Uyandım. Kimsenin bilmediği,akıllarına bile gelemeyecek bir yerde uyandım. Bir akıl hastanesinde. Buraya kimse beni kapatmamıştı,zorlamamıştı. 19.yaş günümde sanki daha önceden planlanmış bir şeymişçesine sabah kalkmış,Köşe'ye gitmiş ve orada akşama kadar oturup can dostlarımla muhabbet etmiştim. Sigara ve alkolle.Küçük yaşlardan itibaren sigara ve alkole dost gözüyle bakmaya başlamıştım,yadırgayacaksınız,biliyorum. Kendini ahlaklı ve düzgün bir birey olduğu yönünde kandıran herkes yadırgar. 19 yaşındasın,alkol ve sigarayı dost sayabilecek kadar ne yaşamış olabilirsin,değil mi? Ben Verda Eymen,ve bu da size en başından başlayıp şimdiye kadar anlatacak olduğum intihar hikayem.
21 Mayıs 2013
Günaydın,sevgili günlük. Bugün benim doğum günüm biliyor musun? İnsanlar doğum günlerinde genelde mutlu oluyorlar,hediyeler,pastalar,bilirsiniz. Herkes sever böyle şeyleri. Ben hariç.Hem bana bunları yaşatıp sevdirecek kimsem olmadığından,hem uzun zamandır gözümü bu dört duvar arasında açtığımdan,doğum günümü,doğduğum o lanet günü kutlamamın veya o gün gelince sevinmemin bir anlamı yok gözümde. Hiç olmadı. Bunu bildiğimden bugün de gayet sıradan bir günmüşçesine erkenden kalkacak,ayaklarımı sürüyerek yemekhaneye inecek,bozulmuş peynir ve çürük domateslerle oluşturulmuş "kahvaltımı" edecek,ve tüm günü dayak yemeden veya aç bırakılmadan tamamlamaya çalışacaktım. Evet,bugün benim doğum günümdü. Ama sanırım Tanrı kimseye doğum günlerinde kıyak geçmiyordu. Yataktan kalkıp lavaboya ilerledim. Ayaklarımı sürüdüğüm için terliklerim zeminde iğrenç bir ses çıkarıyordu,uyanan bir kaç kişininde kin ve öfkeyle bana baktığının farkındaydım. Hafifçe güldüm. Güzel,rahatsız olun. Çünkü ben oluyorum. Her gün,her saat,her dakika. Lavaboya gidip yüzümü yıkadım. Aynada kendime bakmaya tahammül edemediğimden pek oyalanmazdım tuvalette. Nefret yakıcıdır. Birinden nefret etmek insanı yakabilir,canını acıtabilir. Hatta eğer duyduğunuz nefret çok aşırı boyuttaysa insanlığınızı bile unutabilirdiniz. Ben unutmuştum. Çünku benim nefretim,en tehlikeli cinsten nefretti. Evet bir insanın başka birinden nefret etmesi onu yakabilir,,ama bir insanın kendinden nefret etmesi? İşte dostlarım,bu öldürücüdür. Kapının açılmasıyla içeriye girenlere bakmak için kafamı çevirdim. Siktir,gerçekten mi?

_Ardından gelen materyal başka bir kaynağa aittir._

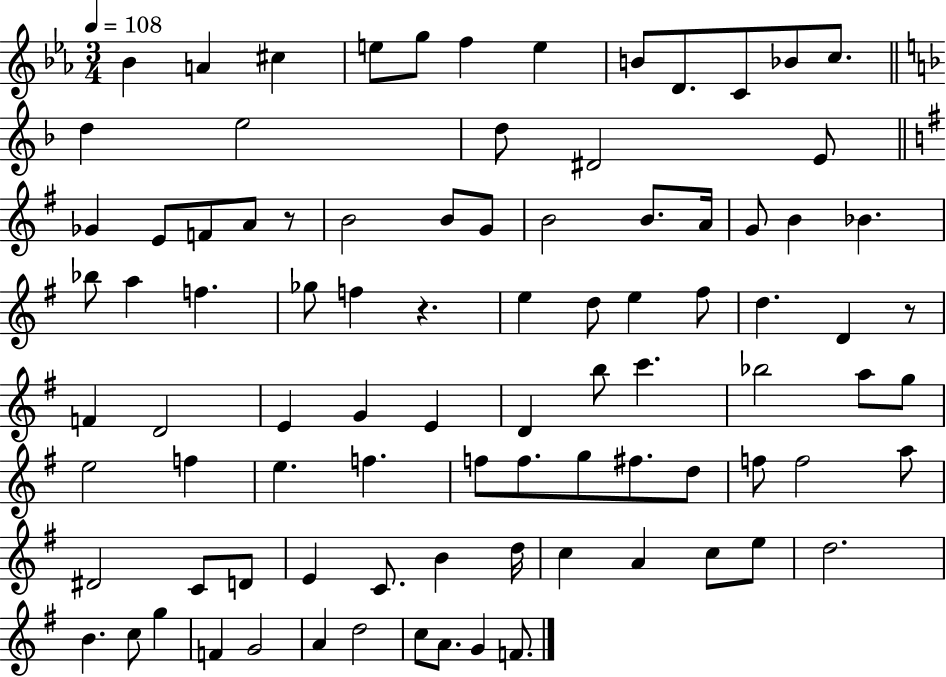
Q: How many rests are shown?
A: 3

"Minik prenses de buradaymış bak" deyip gülerek kapı eşiğinde duran Cansel'i görünce ensemdeki tüyler dahi havalanmıştı. Sakin görünmeye çalışarak pis pis sırıttım. Oysa tam da o an şahdamarımın dışarıdan patlayabilecek gibi göründüğünden adım gibi emindim. Duygularımı saklamayı çok iyi başarsam da,fiziksel reaksiyonlarım üzerinde biraz çalışmam gerekiyordu anlaşılan. Bir adım atıp kapıya yaklaştım ve Cansel'e yaklaşıp "Çekil" dedim.

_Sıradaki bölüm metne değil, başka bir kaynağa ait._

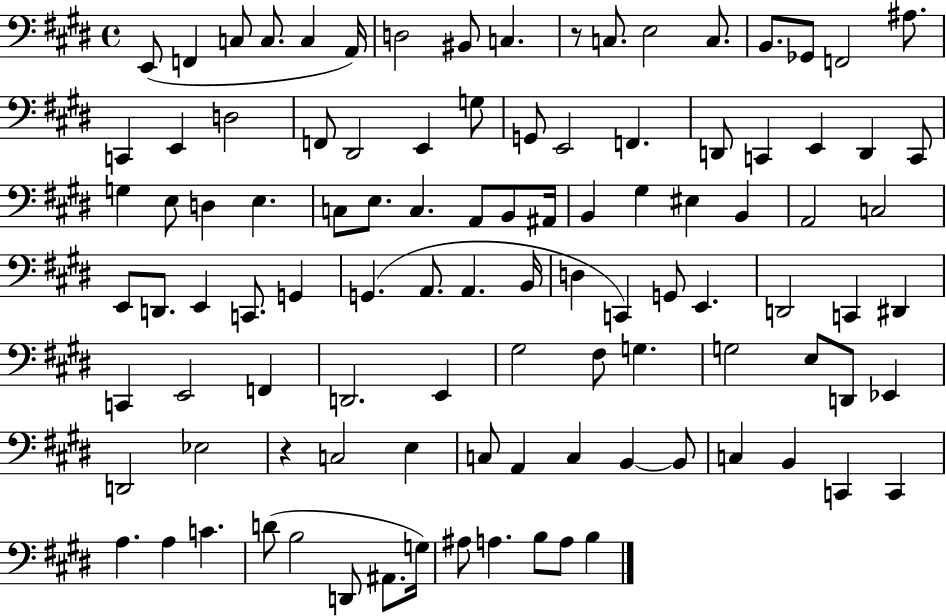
E2/e F2/q C3/e C3/e. C3/q A2/s D3/h BIS2/e C3/q. R/e C3/e. E3/h C3/e. B2/e. Gb2/e F2/h A#3/e. C2/q E2/q D3/h F2/e D#2/h E2/q G3/e G2/e E2/h F2/q. D2/e C2/q E2/q D2/q C2/e G3/q E3/e D3/q E3/q. C3/e E3/e. C3/q. A2/e B2/e A#2/s B2/q G#3/q EIS3/q B2/q A2/h C3/h E2/e D2/e. E2/q C2/e. G2/q G2/q. A2/e. A2/q. B2/s D3/q C2/q G2/e E2/q. D2/h C2/q D#2/q C2/q E2/h F2/q D2/h. E2/q G#3/h F#3/e G3/q. G3/h E3/e D2/e Eb2/q D2/h Eb3/h R/q C3/h E3/q C3/e A2/q C3/q B2/q B2/e C3/q B2/q C2/q C2/q A3/q. A3/q C4/q. D4/e B3/h D2/e A#2/e. G3/s A#3/e A3/q. B3/e A3/e B3/q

"Bir günaydında mı yok? Kalbimi kırıyorsun Verda" dedi yine iğrenç gülümsemesiyle. Bu kızdan ve yanındaki köpeklerinden iliklerime kadar nefret ediyordum. Bana 1 yıl önce yaşattıkları hala gözümün önünden gitmiyordu. Yaşadığım bir çok şey gibi,her gece yatmadan önce son ve her sabah kalktıktan sonra ilk hatırladığım anılarıma eklemiştim bana yaşattıklarını. Aptallar unutur ve affeder,akıllılar affeder ama asla unutmazmış. Ne affetmiş,ne de unutmuştum. Bu da beni akıllı bir aptal yapıyordu sanırım.
"Sana benden çıkacak tek cümle siktir git olur Cansel,çekil şuradan,ikiletme" dedim,kaskatı sesimle.

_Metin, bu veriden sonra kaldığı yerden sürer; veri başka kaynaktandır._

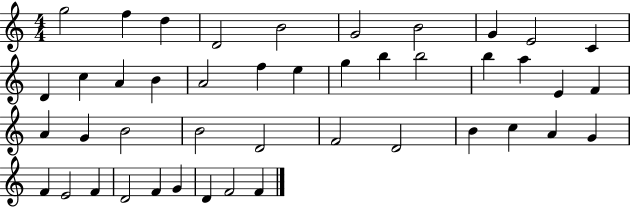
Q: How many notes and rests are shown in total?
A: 44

"Yoksa?" Dedi bir adım daha atıp yüzüme iyice yaklaşırken. İnsanın bir saliselik zaman içerisinde aklından binlerce şey geçebilir miydi? Geçiyordu. Şuan onu gebertene kadar dövebilir,ve onlarında beni dövmesine izin verebilirdim. Ama sonra yine ceza alırdım,ve benim o iğrenç,günah ve eziyet kokan hücrelerde geçirecek tek bir günüm daha yoktu. Bu yüzden bir şey yapmayacaktım. Yani,henüz. Boynumu iki yana çevirerek kemiklerimi çıtlattım. Sonra da gülerek kafamı aşağıya indirdim. Ve Cansel'in garip bakışlarına psikopat bakışlarla cevap verdikten sonra kulağına iyice yaklaşıp şunları söyledim "Yoksa,Cansel,herkese ufak sırrından bahsederek başlayacağım bu güzel güne." Dedim yine aynı şekilde gülerek ondan uzaklaşırken. Birden suradına tokat yemiş gibi olup benden uzaklaştı. Şu saate kadar duyduklarımdan tam emin olamasamda,Cansel'in bu tepkisinden sonra doğruluğundan iyice emin olmuş,elimde ki kozun büyüklüğünü fark edip inanılmaz boyutta keyiflenmiştim. Bir yem atmıştım,ve balık yemi yutmuştu. İşte şimdi bu günü sevmeye başlıyordum.
"Ne..ne sırrı?" Dedi hafif titreyen sesiyle. Sesi titremesin güçlü çıksın diye çaba sarfettiği belliydi,ama,yakalamıştım.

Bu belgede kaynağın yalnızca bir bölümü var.